All this suggest that the best policy response to the rise of the zero-hours contract is not, as the Business Secretary is proposing, to tackle abuse of the practice but instead to actively discourage it. How might this be done? One approach would be to outlaw zero-hours contracts by requiring all employment contracts to stipulate guaranteed minimum hours. However, this would effectively reduce flexibility and choice both to employers and those they employ. A preferable alternative would be to allow the use of zero-hours contracts but require employers to guarantee a day’s pay per week to people employed in this way.

The statutory guaranteed pay level would normally reflect the agreed rate for the job in question but could be no less than the NMW times 7.5 hours (i.e. the current UK standard statistical definition of a day’s employment). At present this would represent a minimum weekly wage of £47.32 for an adult on a zero-hours contract in any week where no hours are offered. For people on zero hours contracts who usually work fewer than 7.5 hours in a week, the pro-rata equivalent would be a guarantee of 1.5 paid hours per week.
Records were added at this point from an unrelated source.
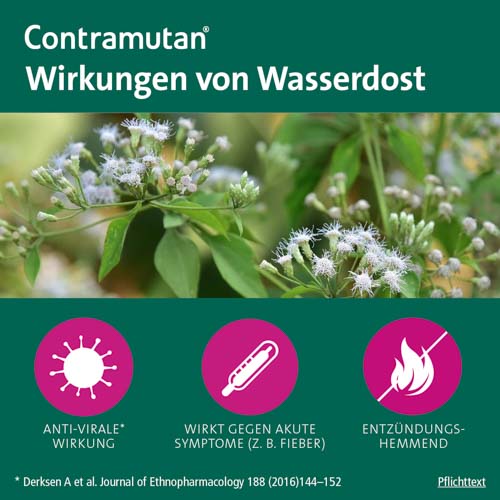 CONTRAMUTAN Sirup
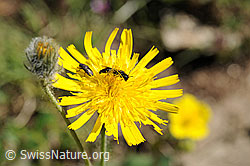 F076104: Stumpfzähnige Zottelbiene (Panurgus calcaratus) auf Grauzottigem Habichtskraut (Hieracium piliferum)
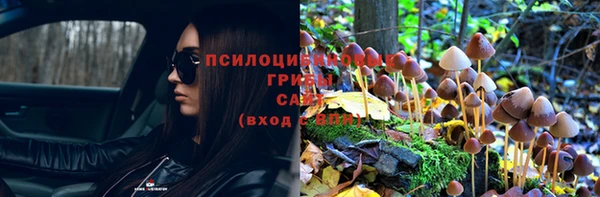 PSILOCYBIN Алексеевка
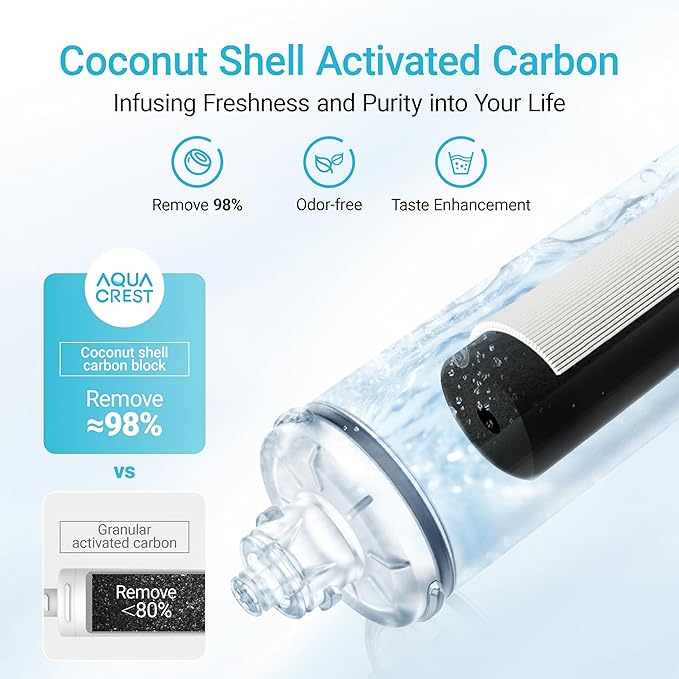 AQUA CREST H-300 Under Sink Water Filter, Replacement for Everpure H-300, H-300-NXT, 7CB5, EV9270-71, EV9270-72, EV9618-11, EV9855-50, EV9282-01, NSF/ANSI 42 Certified, 24000 Gallons, 2 Pack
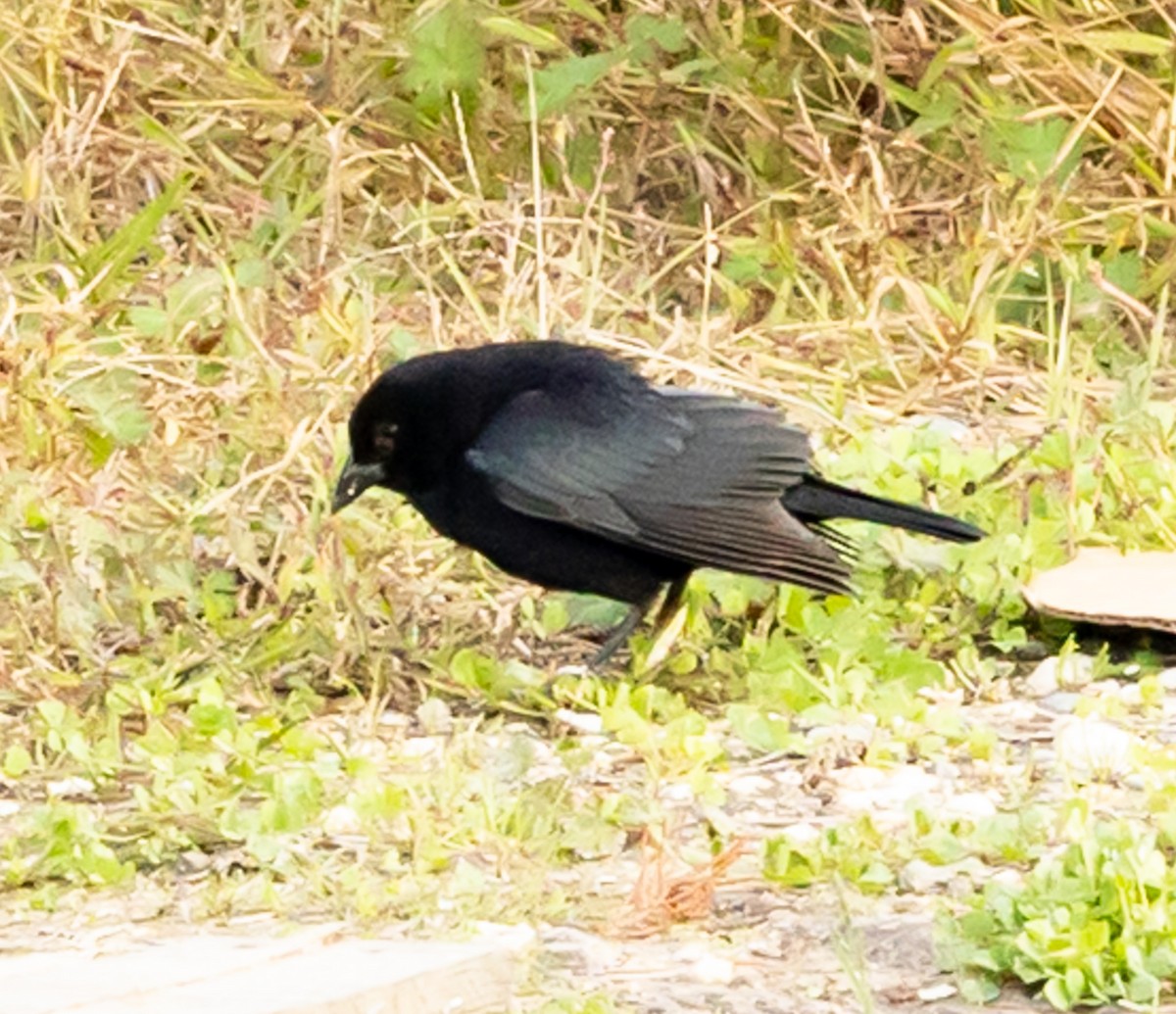 Bronzed Cowbird - ML647893673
HMRC would inspect the payment as part of the normal process of minimum wage inspection, so no significant additional red tape would be imposed on employers.  
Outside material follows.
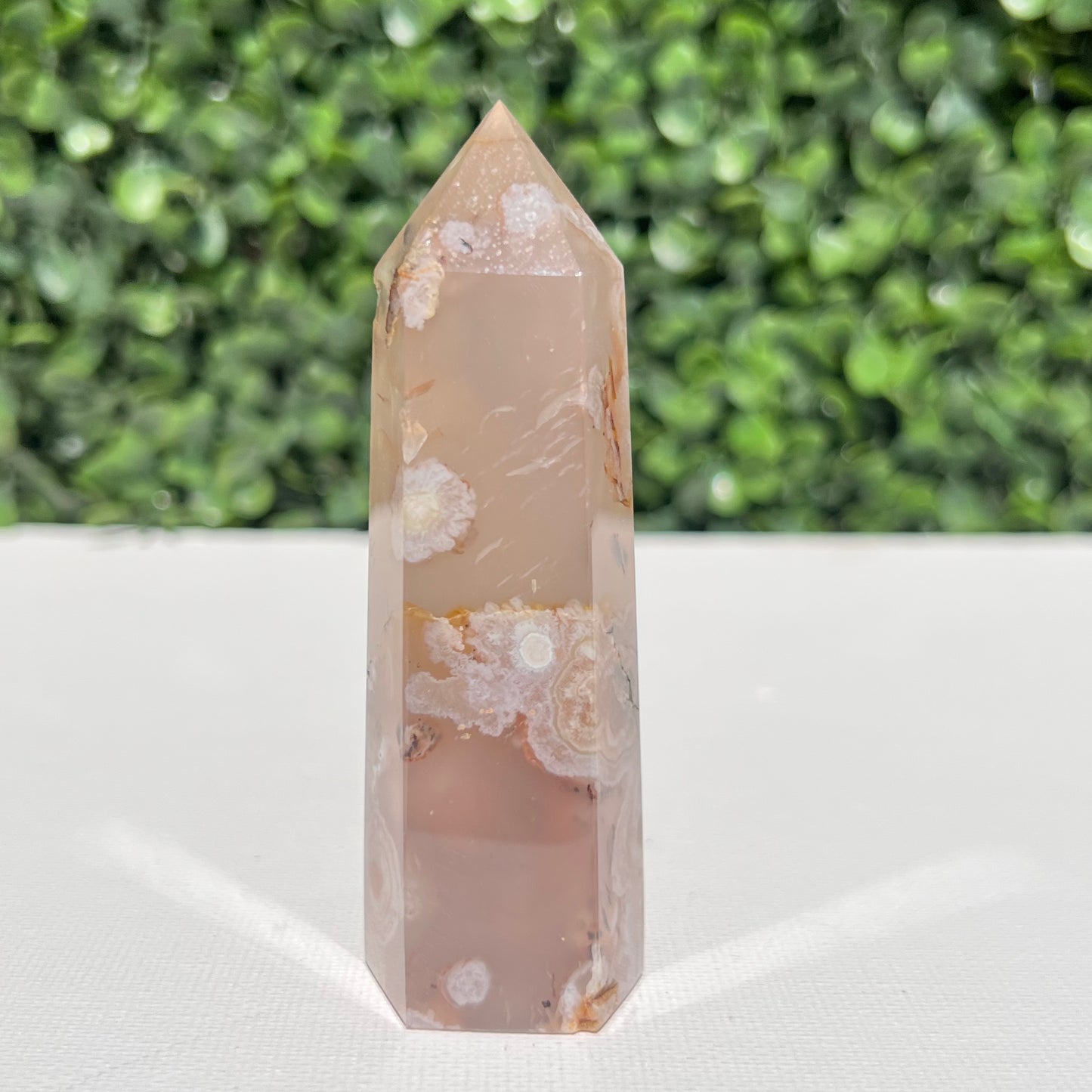 Flower Agate Point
The merit of a guaranteed day’s pay is that by adding a small element of fixed wage cost to zero-hours contracts (over and above any non-wage employment costs employers might already incur) it eases the injustice and reduces the inefficiency the contracts cause without harming the flexibility they give to the labour market. In so doing it also removes the fig leaf defence that the rationale for using zero-hours contracts is to maximise flexibility rather than simply to minimise costs by employing people on the cheap.  

Opponents of this idea will doubtless still argue that the proposed increase in wage costs might result in job cuts. But given the minimal size of the cost increase any negative effect on jobs is likely to be negligible, especially when considered alongside the potential offsetting social and economic benefits. A more legitimate concern is that employers might attempt to claw back any increase in wage costs by offering fewer hours to zero-contract workers or lowering pay rates for hours actually worked. However, the ability of employers to behave in this way will, as always, depend on the state of the labour market and the relative bargaining power of workers. Either way, the guaranteed day’s pay at least provides people with some modest degree of wage security and the dignity which goes with that.                
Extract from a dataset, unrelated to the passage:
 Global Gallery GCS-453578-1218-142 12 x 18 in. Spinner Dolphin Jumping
In this respect, one should also remember that ‘it will be bad for jobs and the jobless’ has been the default position of opponents of progressive labour market reform since time immemorial, most recently in the period before introduction of the hourly NMW. The same voices today defending zero-hours contracts were arguing against a statutory wage floor in the 1990s and on very similar grounds. A minimum wage would cost jobs and all we needed were more trained and progressive bosses who would see the business case for ‘doing good’ by their employees. However, in a labour market which at the time included employees on less than £1 per hour it eventually came to be accepted that in a world where not all employers aspire to be good, or are under constant economic pressure not to be, the very last thing you should do is make life easy for the bad employer.


Opponents of the NMW in the 1990s were on the wrong side of history. The same is true of those today who think it right that people can be employed on zero-hours contracts without any guarantee of if or when they will be paid. On the contrary, it is entirely right that zero-hours contracts be demonised in a civilised society. Sadly, Dr Cable’s timid consultation will not lead to the end of the practice but one can but hope that the end will not be too far away.